I think you will find it is illegal in the Nertherlands. 

peedee


----------



## Boff (May 10, 2005)

Hi!



firewood said:


> we are going to holland but not sure on the wild camping .has any one done this is it safe to do it .


It is illegal, and the local authorities are rather quick and efficient at fining anyone who does it nevertheless. Expect fines in the order of magnitude of about EUR 100 per night.

There is however an increasing number of aire-like places, on which you may legally spend at least one night. In my opinion the best web page about Dutch aires is CamperContact.nl. Besides these places, it is legal to stay up to 24 hours on motorway service areas, but these are not safe at all.

Best Regards,
Gerhard


----------



## foll-de-roll (Oct 29, 2007)

Hi


And what do the Dutch do? They go and Wildcamp in every other Country.

And what's more , they think they have a right to.



Andy :roll: :roll: :roll:


----------



## teemyob (Nov 22, 2005)

*Wild*

Error


----------



## teemyob (Nov 22, 2005)

*Wild*

error


----------



## teemyob (Nov 22, 2005)

*Wild*



foll-de-roll said:


> Hi
> 
> And what do the Dutch do? They go and Wildcamp in every other Country.
> 
> ...


How very true!

I saw some folk with a Dutch registered caravan on the roadside next to 4 campsites. A couple of small motorhomes had pulled over and parked for the day. The Dutch Caravaners were erecting a full awning, chairs out, table umbrella, the monty.

TM


----------



## pieterv (Feb 3, 2009)

I read on a Dutch website that the law has just been changed, and wild camping is legal now, unless specifically forbidden at a specific location.


----------



## Boff (May 10, 2005)

pieterv said:


> I read on a Dutch website that the law has just been changed, and wild camping is legal now, unless specifically forbidden at a specific location.

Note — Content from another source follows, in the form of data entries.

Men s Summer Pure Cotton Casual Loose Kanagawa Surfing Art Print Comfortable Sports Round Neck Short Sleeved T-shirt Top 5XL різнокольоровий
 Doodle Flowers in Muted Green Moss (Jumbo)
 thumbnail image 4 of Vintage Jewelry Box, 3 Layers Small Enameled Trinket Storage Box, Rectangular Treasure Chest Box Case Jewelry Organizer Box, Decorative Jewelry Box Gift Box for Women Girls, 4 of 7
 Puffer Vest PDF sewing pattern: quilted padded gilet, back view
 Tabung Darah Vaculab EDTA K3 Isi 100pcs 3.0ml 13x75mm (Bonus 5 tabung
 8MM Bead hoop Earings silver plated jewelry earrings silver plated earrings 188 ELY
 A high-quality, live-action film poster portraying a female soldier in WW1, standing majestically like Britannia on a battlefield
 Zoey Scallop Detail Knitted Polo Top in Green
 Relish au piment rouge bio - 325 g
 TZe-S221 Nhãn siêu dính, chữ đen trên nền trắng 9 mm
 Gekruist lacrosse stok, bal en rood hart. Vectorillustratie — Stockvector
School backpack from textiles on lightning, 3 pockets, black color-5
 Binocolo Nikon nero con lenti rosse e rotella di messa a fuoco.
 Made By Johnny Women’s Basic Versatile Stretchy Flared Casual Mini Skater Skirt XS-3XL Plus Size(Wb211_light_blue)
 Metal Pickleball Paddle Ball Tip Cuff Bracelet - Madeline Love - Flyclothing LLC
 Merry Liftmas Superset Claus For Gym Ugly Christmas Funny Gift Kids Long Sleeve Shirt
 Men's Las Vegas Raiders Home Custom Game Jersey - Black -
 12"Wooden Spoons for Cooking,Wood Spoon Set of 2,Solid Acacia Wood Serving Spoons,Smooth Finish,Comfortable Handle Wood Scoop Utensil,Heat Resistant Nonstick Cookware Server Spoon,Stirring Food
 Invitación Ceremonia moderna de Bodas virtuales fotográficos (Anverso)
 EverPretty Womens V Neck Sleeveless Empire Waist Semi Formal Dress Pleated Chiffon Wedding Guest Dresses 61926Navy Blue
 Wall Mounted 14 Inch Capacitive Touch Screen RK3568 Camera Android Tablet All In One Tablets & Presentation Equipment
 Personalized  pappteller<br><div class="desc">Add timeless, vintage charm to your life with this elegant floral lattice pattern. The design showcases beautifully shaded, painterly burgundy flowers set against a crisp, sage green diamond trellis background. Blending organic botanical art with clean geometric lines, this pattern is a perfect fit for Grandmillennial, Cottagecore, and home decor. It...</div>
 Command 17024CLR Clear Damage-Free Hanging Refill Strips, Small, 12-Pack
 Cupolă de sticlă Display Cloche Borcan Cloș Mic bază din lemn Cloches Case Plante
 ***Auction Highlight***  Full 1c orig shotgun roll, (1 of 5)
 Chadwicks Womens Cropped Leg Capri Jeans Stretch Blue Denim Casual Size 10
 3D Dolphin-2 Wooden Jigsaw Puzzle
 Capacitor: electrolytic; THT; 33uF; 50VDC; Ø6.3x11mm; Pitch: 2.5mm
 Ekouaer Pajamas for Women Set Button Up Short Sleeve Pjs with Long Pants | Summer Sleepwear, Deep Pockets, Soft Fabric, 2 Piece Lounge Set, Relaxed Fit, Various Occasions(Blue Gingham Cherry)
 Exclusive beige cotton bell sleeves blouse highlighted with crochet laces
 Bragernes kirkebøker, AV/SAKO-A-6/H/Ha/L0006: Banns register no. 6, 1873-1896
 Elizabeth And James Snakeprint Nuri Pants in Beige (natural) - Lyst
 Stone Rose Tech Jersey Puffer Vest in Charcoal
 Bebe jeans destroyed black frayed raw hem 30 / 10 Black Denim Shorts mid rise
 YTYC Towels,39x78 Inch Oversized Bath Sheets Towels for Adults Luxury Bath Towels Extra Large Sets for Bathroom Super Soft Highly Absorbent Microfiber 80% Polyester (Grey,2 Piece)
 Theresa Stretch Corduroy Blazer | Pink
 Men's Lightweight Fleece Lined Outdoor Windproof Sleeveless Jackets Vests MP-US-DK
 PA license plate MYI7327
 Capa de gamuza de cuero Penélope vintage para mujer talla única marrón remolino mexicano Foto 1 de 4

In theory you are right, the nationwide law against wild camping was abolished already end of 2007.

However, when the law was abolished it was left to the discretion of the local councils how to deal with it. And meanwhile they have *all* adapted their local bye-laws in a way that wild camping is forbidden again. The last local council to do that was Reimerswaal in November 2009.

So in reality wild camping in NL is now as illegal again as it was before 2008.

Best Regards,
Gerhard


----------



## pieterv (Feb 3, 2009)

Boff said:


> pieterv said:
> 
> 
> > I read on a Dutch website that the law has just been changed, and wild camping is legal now, unless specifically forbidden at a specific location.
> ...


Ah, didn't know that. Thanks for clarifying.


----------



## firewood (Mar 17, 2009)

thanks to you all for your replys


----------